All six schools have tracked increases in total cost of education (which includes tuition, housing, meal plans and other expenses) over that time period, some by as much as $3,000.
Sandy Baum is a higher education researcher with the Urban Institute – a Washington, D.C.-based nonprofit research group focused on equity, economic growth and improving communities across the nation. She said students struggling to cover the cost of college is a widely recognized issue.
“It’s obvious that for many students it’s hard to come up with enough money to cover all of their [college] expenses,” Baum said. “If you look at the full student budget and you add up a reasonable amount of earnings with grant aid and federal student loans, that leaves a gap for many students.”

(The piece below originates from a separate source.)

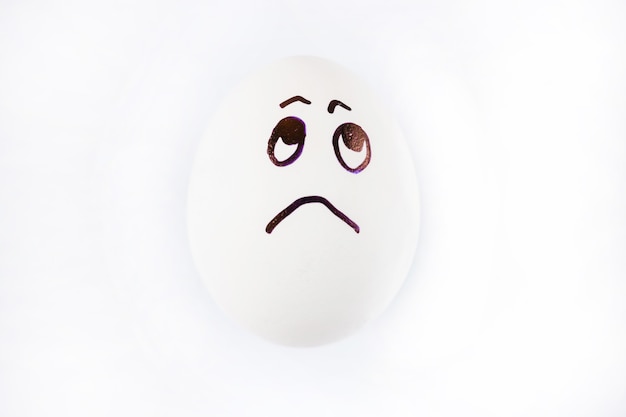 Sad face drawn on white Easter egg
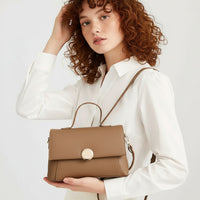 Woman in white blouse holding tan leather crossbody handbag with gold clasp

Baum said navigating the rising cost of college for many students can be a complex problem without a clear answer.
“For most students, living expenses are higher than tuition … even if you had free tuition, you'd still have students who would be struggling to meet their living expenses,” she said.
Bek Schmidt – a sophomore music business major at Murray State University – has to work three different jobs on campus to support themselves. Schmidt said their weekly expenses include paying for gas, food, off-campus housing, and taking care of their cat, but their bi-weekly paycheck doesn’t cover it.
“Most of the time – because I quite frankly just don't make that much – it really only pays for gas and you know maybe a meal,” Schmidt said. “It doesn't even make my rent a month.”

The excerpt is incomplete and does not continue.